++++ Input material
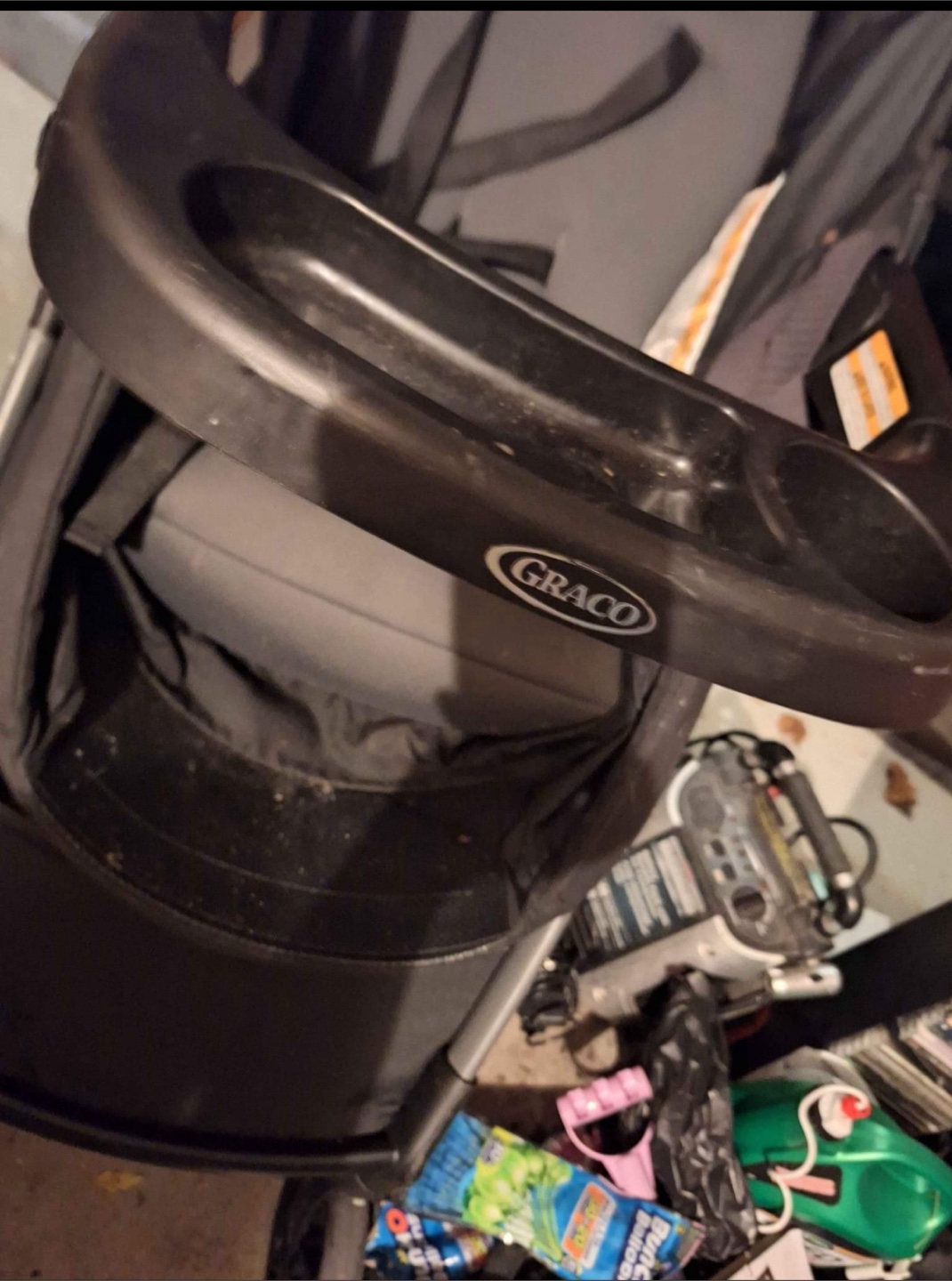 Graco Stroller - photo 2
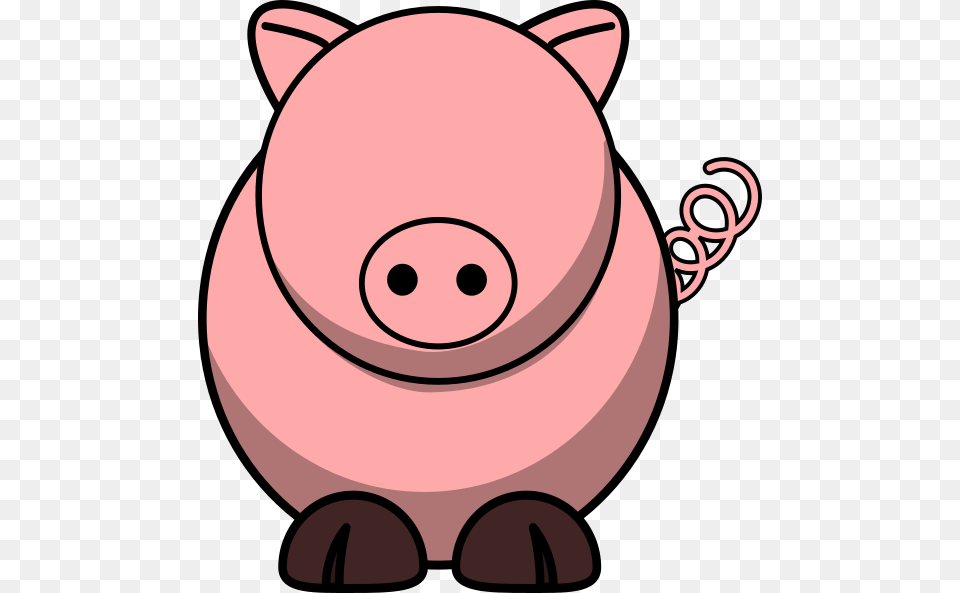 Eye Clipart Pig, Animal, Bear, Mammal, Wildlife Free Transparent Png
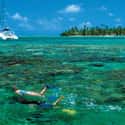 Belize on Random Best Destinations for a Beach Wedding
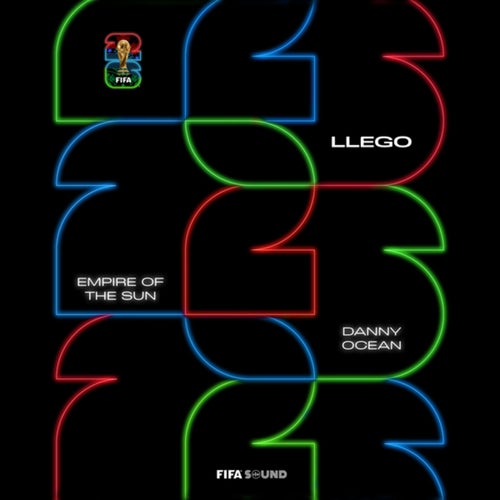 Llego (FIFA World Cup 2026™)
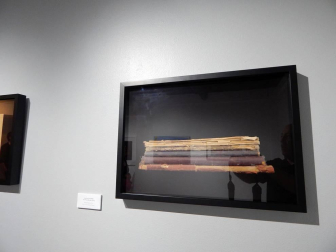 La ciudad de Doral (Miami) acogió la muestra artística que reivindica papel no reconocido de la mujer .
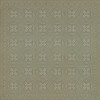 Pattern 28 Hush 72x72 Vintage Vinyl Floorcloth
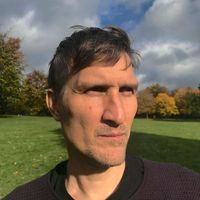 Andrew Potterton - Resolve The Problem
++++++++
### Work to be completed
Once the line containing "Pattern 28 Hush" is located, write out exactly that line and each one after it to the end of the records above, excluding pictures and nothing else.

### Expected output
 Pattern 28 Hush 72x72 Vintage Vinyl Floorcloth
 Andrew Potterton - Resolve The Problem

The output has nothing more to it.